====== DATA FOR THIS EXERCISE ======

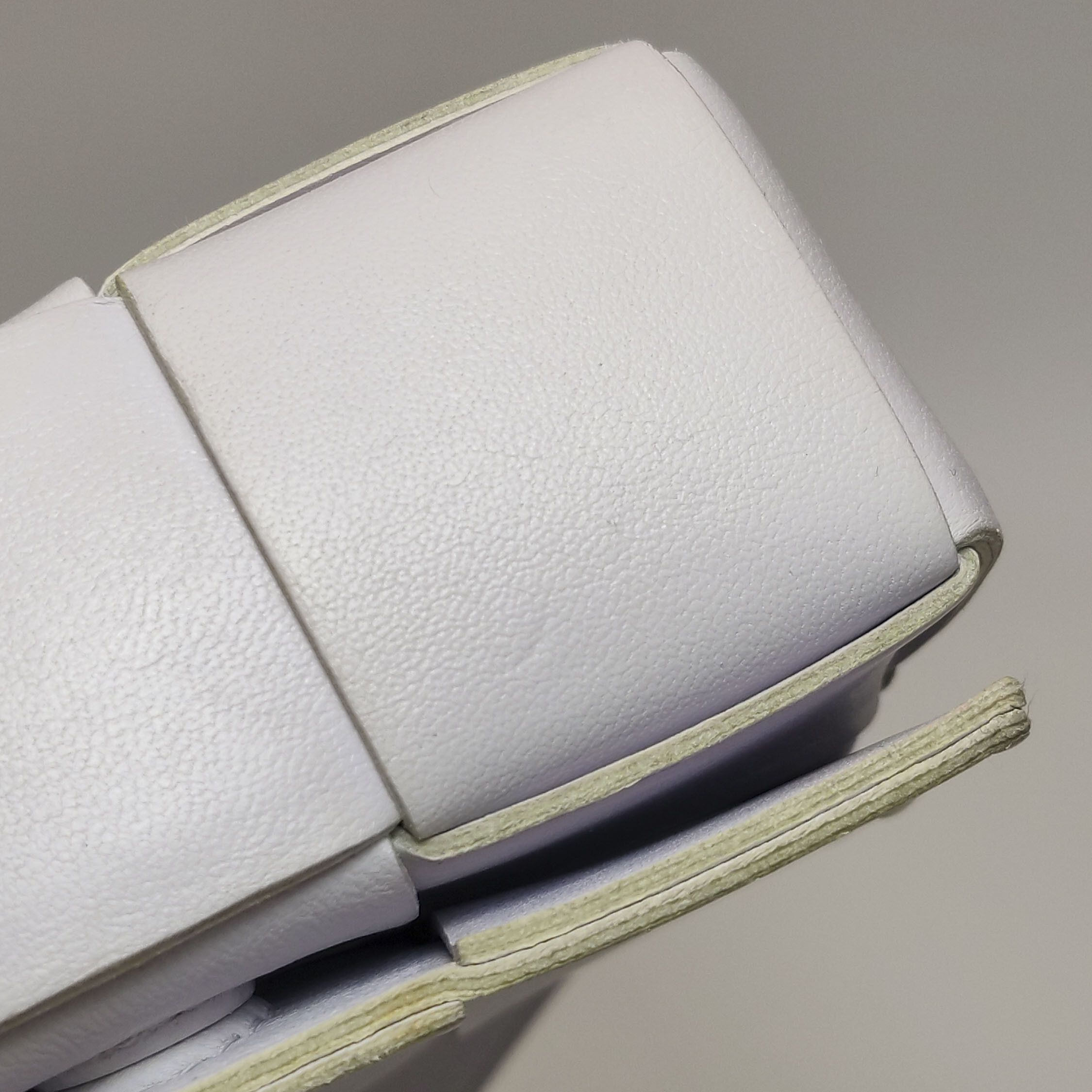 Bottega Veneta Bottega Veneta Women os Crossbody Bags Size ONE SIZE - 22 Thumbnail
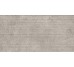Плитка 30x60 36 G Rm - Stoncrete - STCRWA1 з колекції Stoncrete Imola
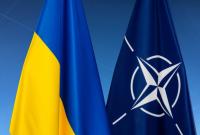 НАТО не исключает похожего сценария с мигрантами на границе Украины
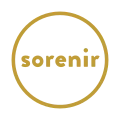 Sorenir logo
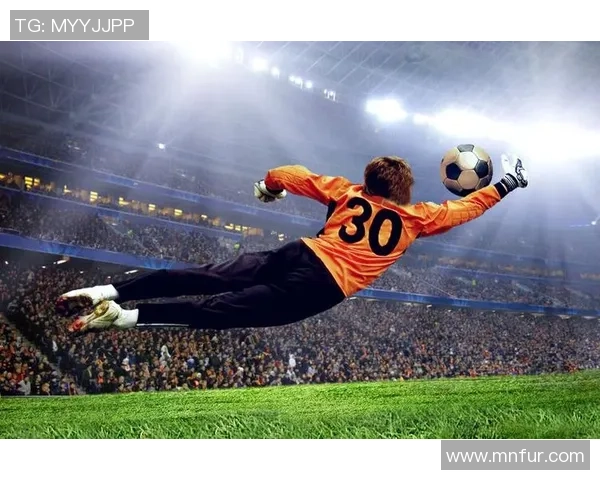 足球明星的踢球配饰揭秘助你提升球场魅力与表现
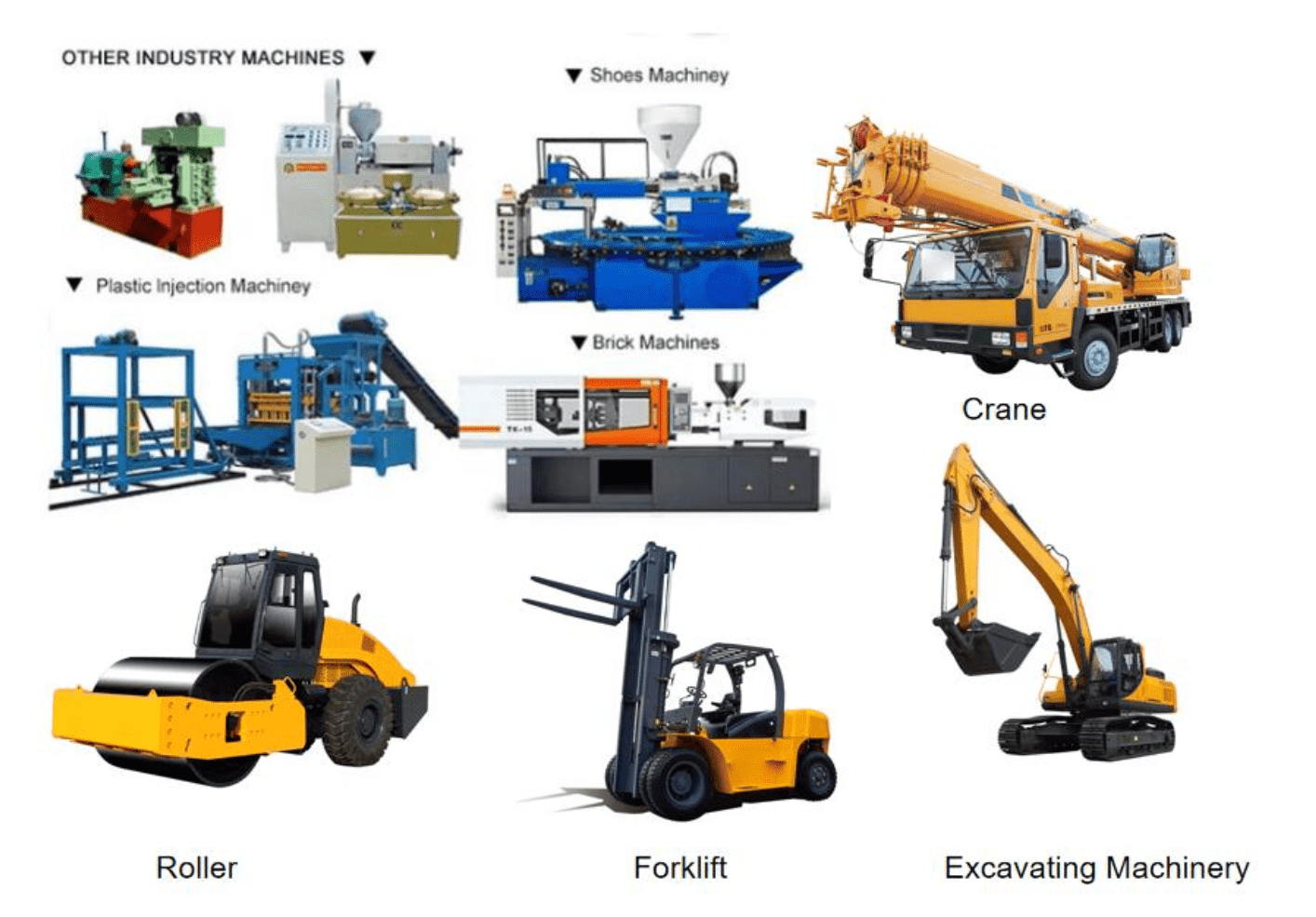 84ad262738adc90aec78f0dcbc1ec377new 84ad262738adc90aec78f0dcbc1ec377new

======

*YOUR TASK*.
Line by line, print the records exactly, leaving the pictures behind.

*TASK RESPONSE*.
 Bottega Veneta Bottega Veneta Women os Crossbody Bags Size ONE SIZE - 22 Thumbnail
Плитка 30x60 36 G Rm - Stoncrete - STCRWA1 з колекції Stoncrete Imola
 НАТО не исключает похожего сценария с мигрантами на границе Украины
 Sorenir logo
 足球明星的踢球配饰揭秘助你提升球场魅力与表现
 84ad262738adc90aec78f0dcbc1ec377new 84ad262738adc90aec78f0dcbc1ec377new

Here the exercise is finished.